* [Work instruction]: Without the pictures, write the listing below out again, line for line.

* [Recorded information]:
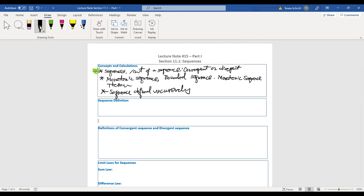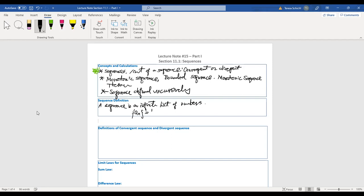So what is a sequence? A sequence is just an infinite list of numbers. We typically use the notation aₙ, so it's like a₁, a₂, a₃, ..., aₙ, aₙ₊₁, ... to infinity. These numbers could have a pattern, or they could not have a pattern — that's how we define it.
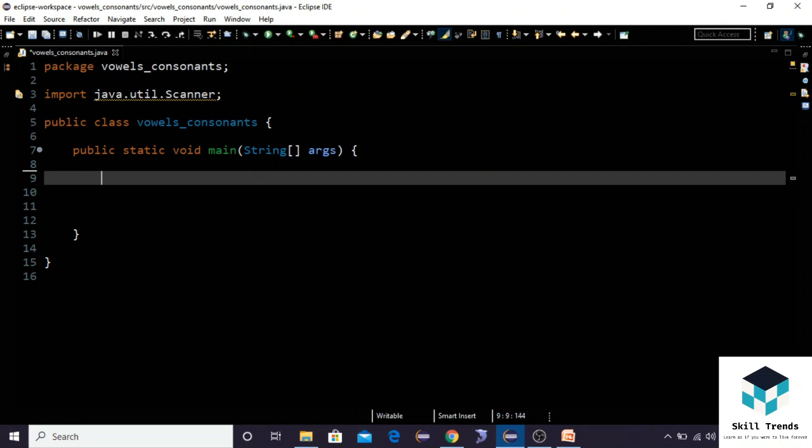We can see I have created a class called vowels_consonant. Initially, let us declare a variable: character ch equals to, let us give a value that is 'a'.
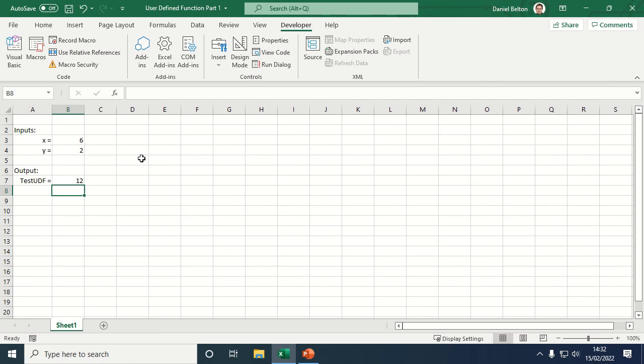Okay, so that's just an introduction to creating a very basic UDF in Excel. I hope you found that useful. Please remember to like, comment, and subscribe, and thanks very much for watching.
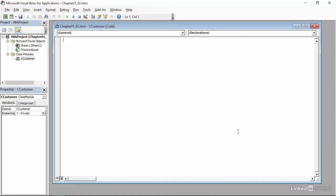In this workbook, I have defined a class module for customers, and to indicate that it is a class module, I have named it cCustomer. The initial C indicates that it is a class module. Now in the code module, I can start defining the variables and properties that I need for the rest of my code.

* [Reply]:
So what is a sequence? A sequence is just an infinite list of numbers. We typically use the notation aₙ, so it's like a₁, a₂, a₃, ..., aₙ, aₙ₊₁, ... to infinity. These numbers could have a pattern, or they could not have a pattern — that's how we define it.
We can see I have created a class called vowels_consonant. Initially, let us declare a variable: character ch equals to, let us give a value that is 'a'.
Okay, so that's just an introduction to creating a very basic UDF in Excel. I hope you found that useful. Please remember to like, comment, and subscribe, and thanks very much for watching.
In this workbook, I have defined a class module for customers, and to indicate that it is a class module, I have named it cCustomer. The initial C indicates that it is a class module. Now in the code module, I can start defining the variables and properties that I need for the rest of my code.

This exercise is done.